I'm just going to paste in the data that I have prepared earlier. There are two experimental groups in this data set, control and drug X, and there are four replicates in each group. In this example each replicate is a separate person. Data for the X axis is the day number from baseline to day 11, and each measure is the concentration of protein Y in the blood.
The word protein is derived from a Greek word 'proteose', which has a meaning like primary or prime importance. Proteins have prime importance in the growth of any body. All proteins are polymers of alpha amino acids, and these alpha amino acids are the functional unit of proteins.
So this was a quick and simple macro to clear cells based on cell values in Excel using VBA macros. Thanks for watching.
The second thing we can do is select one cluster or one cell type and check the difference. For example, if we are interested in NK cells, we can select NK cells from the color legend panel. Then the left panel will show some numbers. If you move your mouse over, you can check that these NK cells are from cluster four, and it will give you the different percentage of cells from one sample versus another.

--

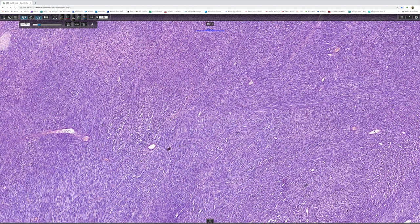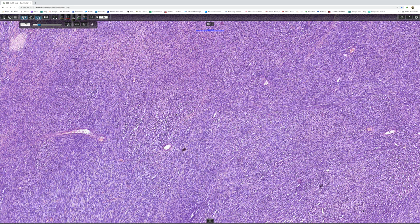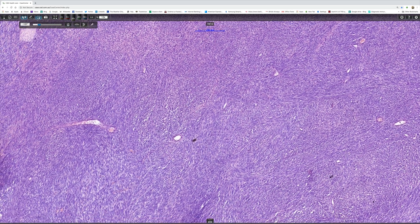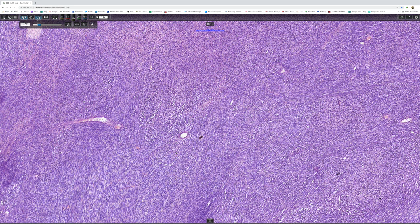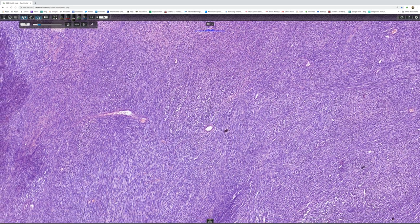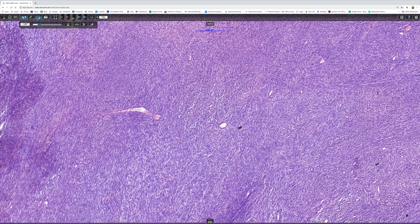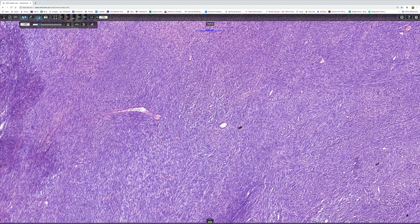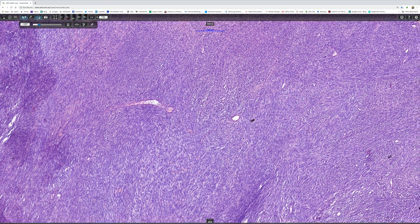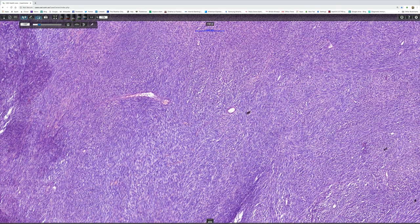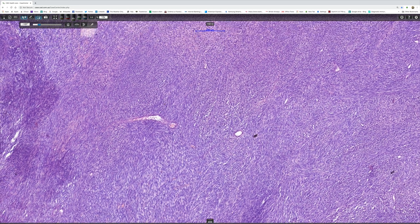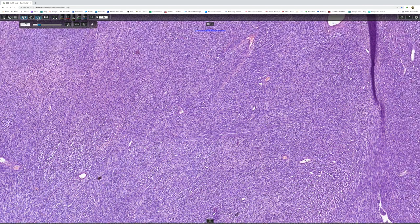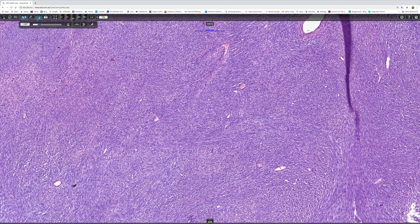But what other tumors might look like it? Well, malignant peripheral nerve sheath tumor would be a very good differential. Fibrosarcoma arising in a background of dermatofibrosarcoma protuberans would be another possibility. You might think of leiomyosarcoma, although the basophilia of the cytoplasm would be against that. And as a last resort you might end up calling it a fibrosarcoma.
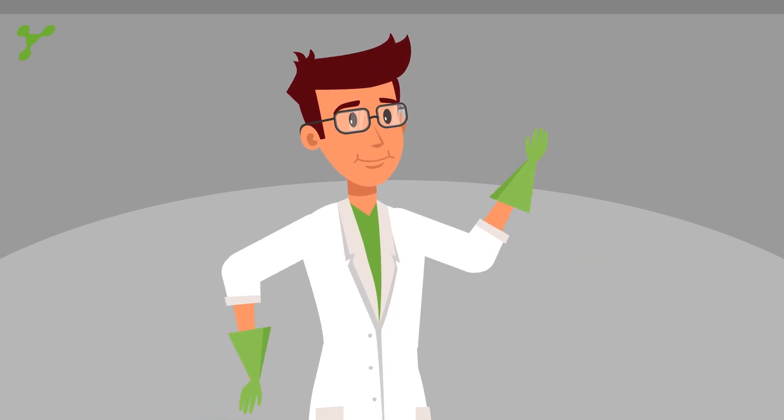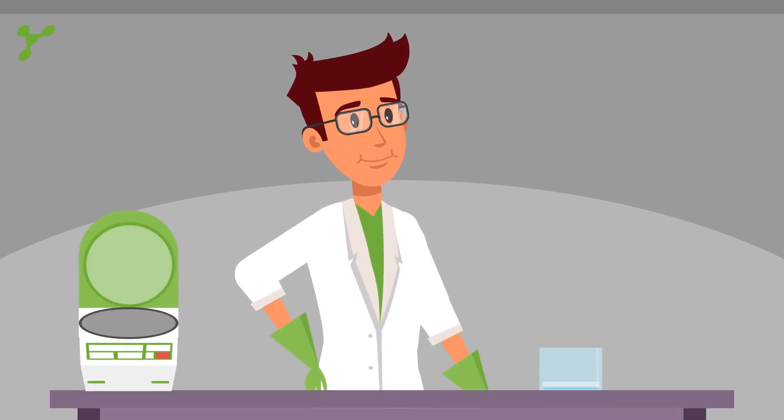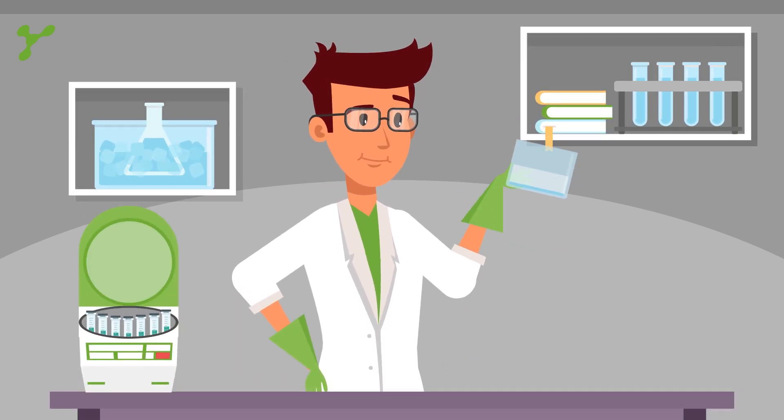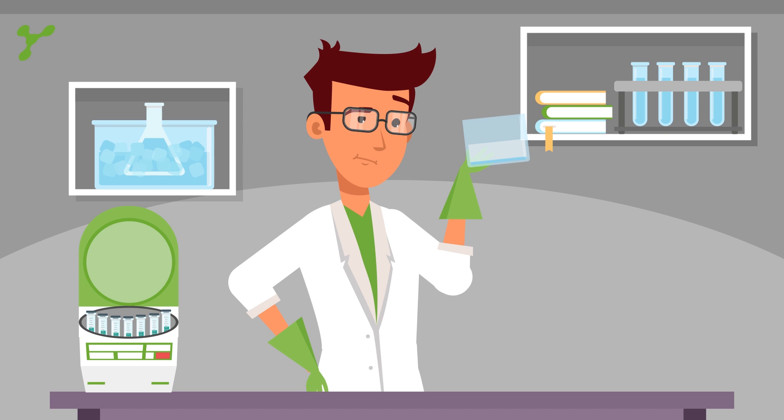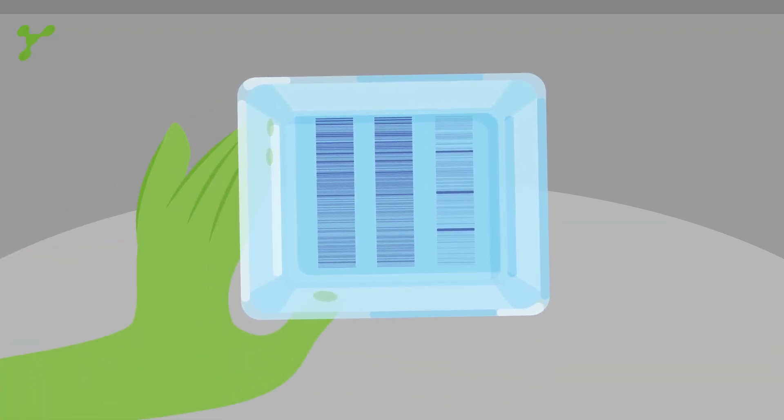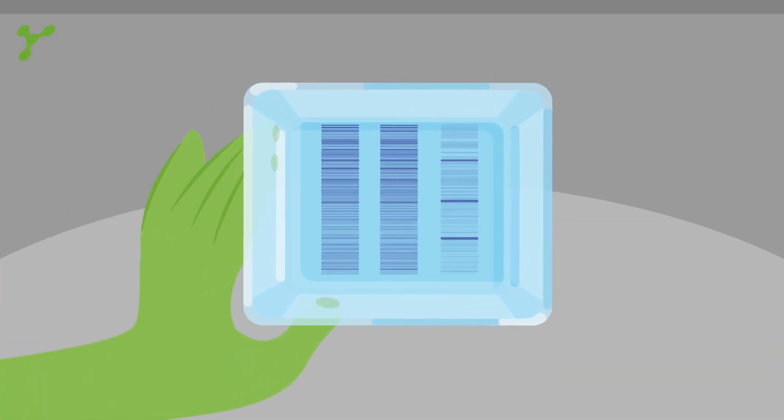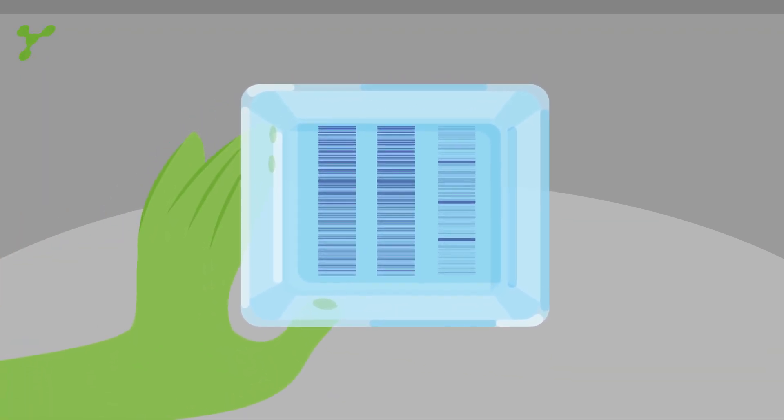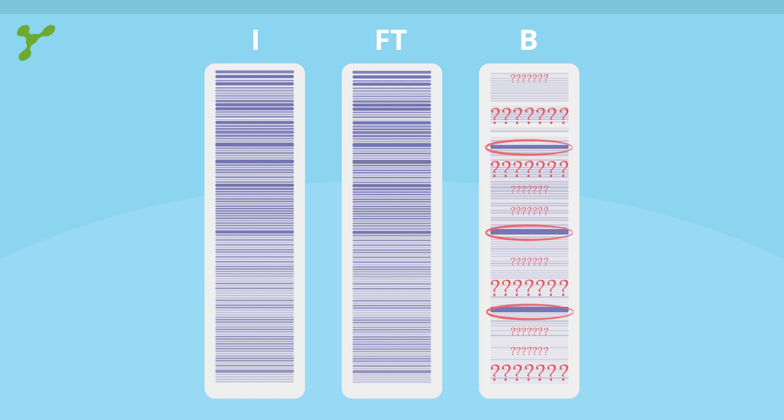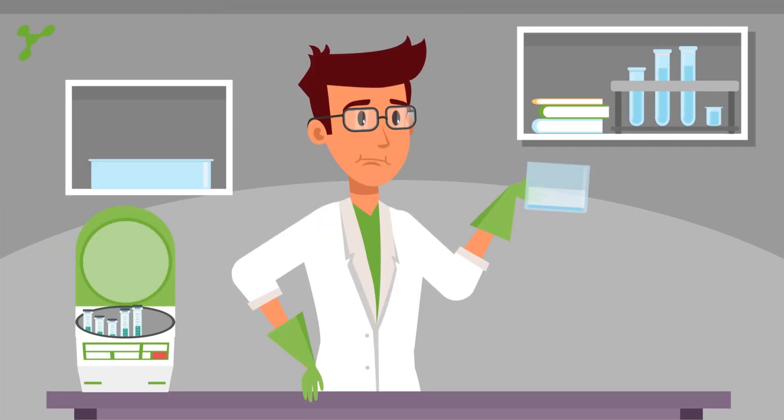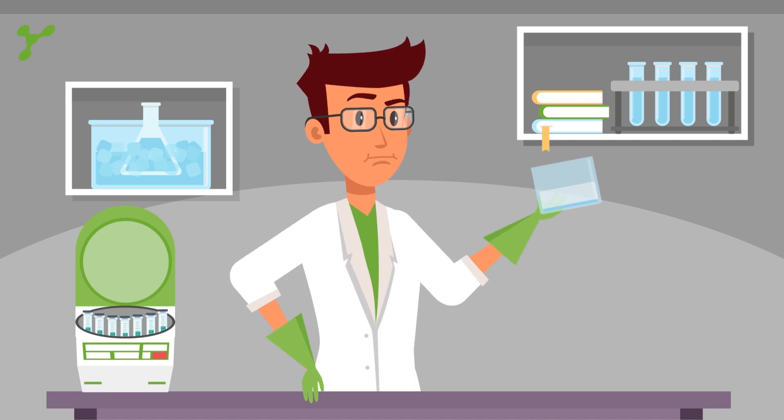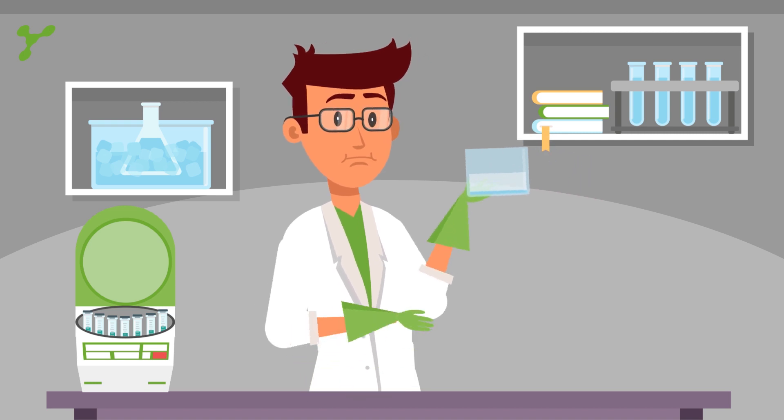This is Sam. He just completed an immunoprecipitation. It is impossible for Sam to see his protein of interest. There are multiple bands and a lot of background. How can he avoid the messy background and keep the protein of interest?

---

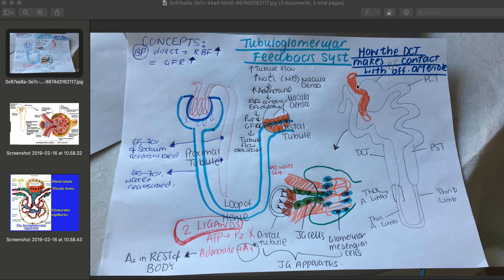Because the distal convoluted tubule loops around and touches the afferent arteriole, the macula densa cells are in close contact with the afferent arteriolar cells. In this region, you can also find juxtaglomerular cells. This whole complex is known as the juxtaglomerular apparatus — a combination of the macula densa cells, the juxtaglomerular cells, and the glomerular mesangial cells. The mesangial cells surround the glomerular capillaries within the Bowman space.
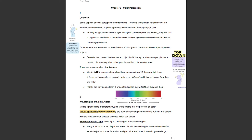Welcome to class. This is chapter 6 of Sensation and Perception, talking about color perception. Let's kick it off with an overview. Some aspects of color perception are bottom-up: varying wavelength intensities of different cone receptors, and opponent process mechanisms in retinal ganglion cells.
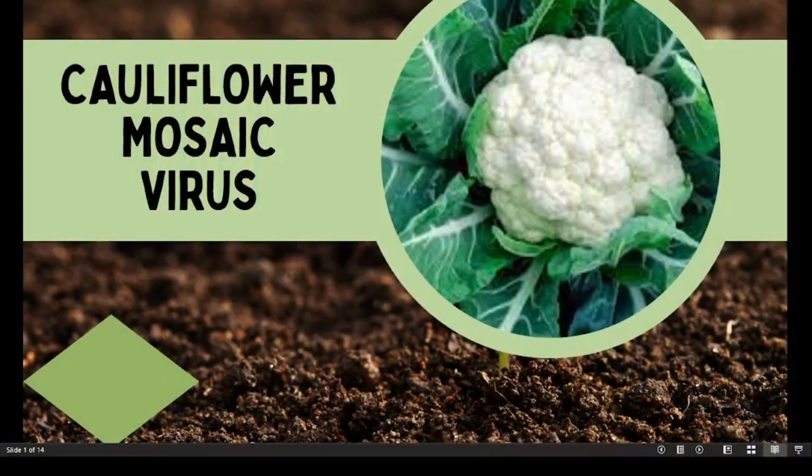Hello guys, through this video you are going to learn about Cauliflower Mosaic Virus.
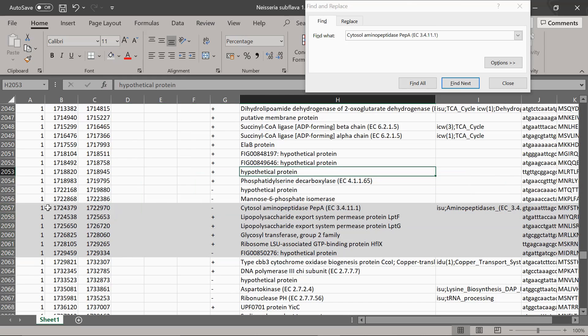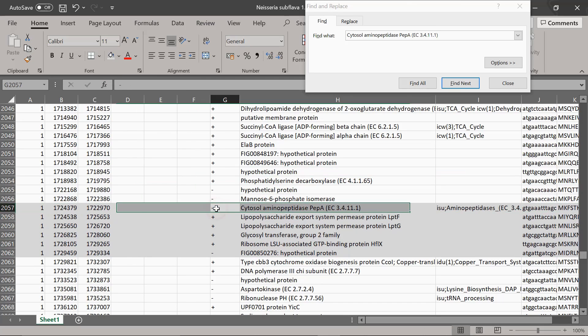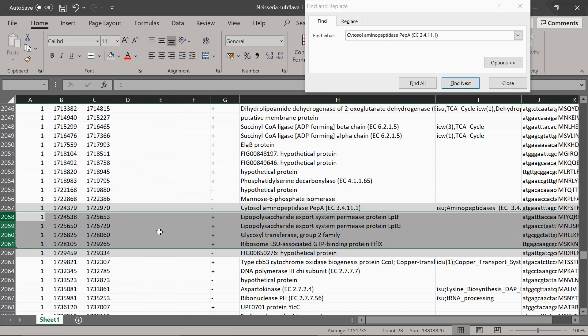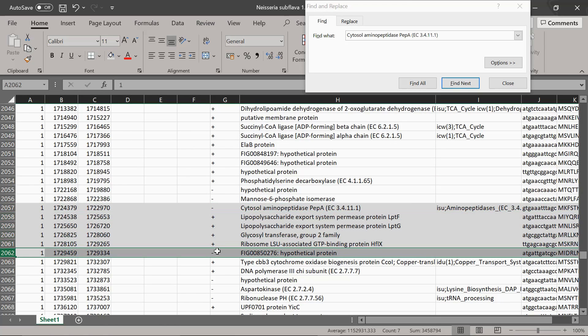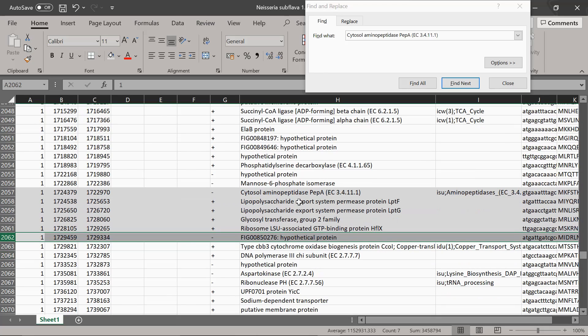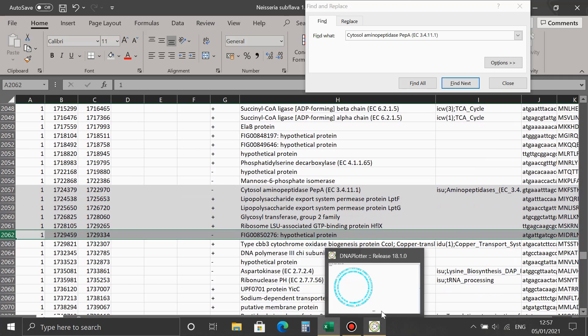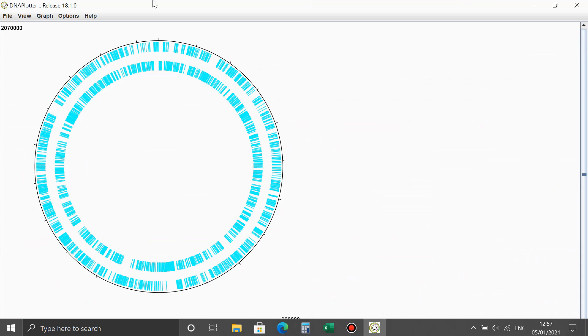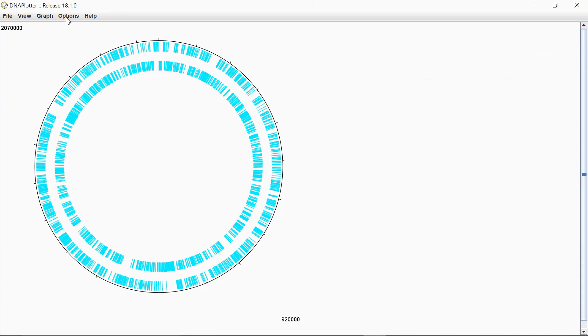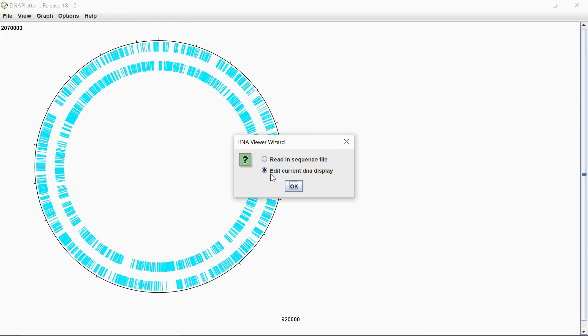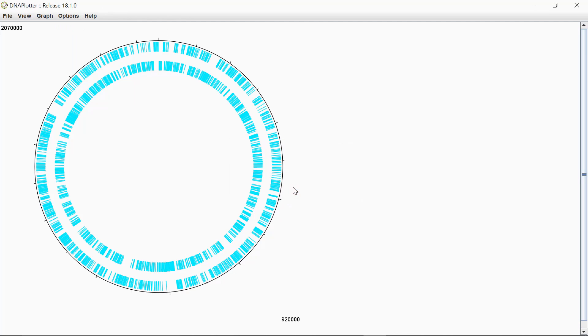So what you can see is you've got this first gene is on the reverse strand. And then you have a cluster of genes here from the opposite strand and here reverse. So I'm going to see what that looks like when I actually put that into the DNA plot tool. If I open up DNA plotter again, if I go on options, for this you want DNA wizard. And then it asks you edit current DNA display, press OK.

**About this exercise:** Write down exactly what the lines above say, from the line holding "Welcome to class." through the line holding "So what you", and nothing more. Do not copy the pictures.

**Answer:**
Welcome to class. This is chapter 6 of Sensation and Perception, talking about color perception. Let's kick it off with an overview. Some aspects of color perception are bottom-up: varying wavelength intensities of different cone receptors, and opponent process mechanisms in retinal ganglion cells.
Hello guys, through this video you are going to learn about Cauliflower Mosaic Virus.
So what you can see is you've got this first gene is on the reverse strand. And then you have a cluster of genes here from the opposite strand and here reverse. So I'm going to see what that looks like when I actually put that into the DNA plot tool. If I open up DNA plotter again, if I go on options, for this you want DNA wizard. And then it asks you edit current DNA display, press OK.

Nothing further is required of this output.